WHAT THE EXERCISE ASKS
Copy out the data word for word, without any of its pictures.

EXERCISE DATA
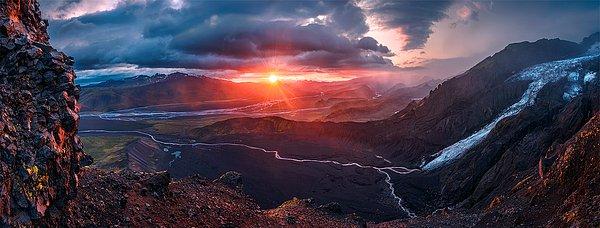 15. İzlanda'da Yüzüklerin Efendisindeki Mordor'u Anımsatan Muhteşem Güneş Manzarası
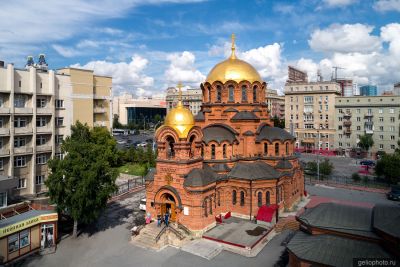Собор Александра Невского в Новосибирске летом фото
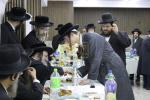רירנדע מעמד "כינוס המצילים" פארגאנגענע וואך מיטוואך פרשת כי תצא למלחמה נעמט צונויף קרוב צו 60 געטרייע ארבייטער און עקסנים אינערהאלב די הצלה מגיוס אפיסעס שע"י קרן ויואל משה;&nbsp;מעמד הנהדר באשיינט בראשות הגה"צ אב"ד סאטמאר ירושלים שליט"א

RESULT BELOW
 15. İzlanda'da Yüzüklerin Efendisindeki Mordor'u Anımsatan Muhteşem Güneş Manzarası
Собор Александра Невского в Новосибирске летом фото
רירנדע מעמד "כינוס המצילים" פארגאנגענע וואך מיטוואך פרשת כי תצא למלחמה נעמט צונויף קרוב צו 60 געטרייע ארבייטער און עקסנים אינערהאלב די הצלה מגיוס אפיסעס שע"י קרן ויואל משה;&nbsp;מעמד הנהדר באשיינט בראשות הגה"צ אב"ד סאטמאר ירושלים שליט"א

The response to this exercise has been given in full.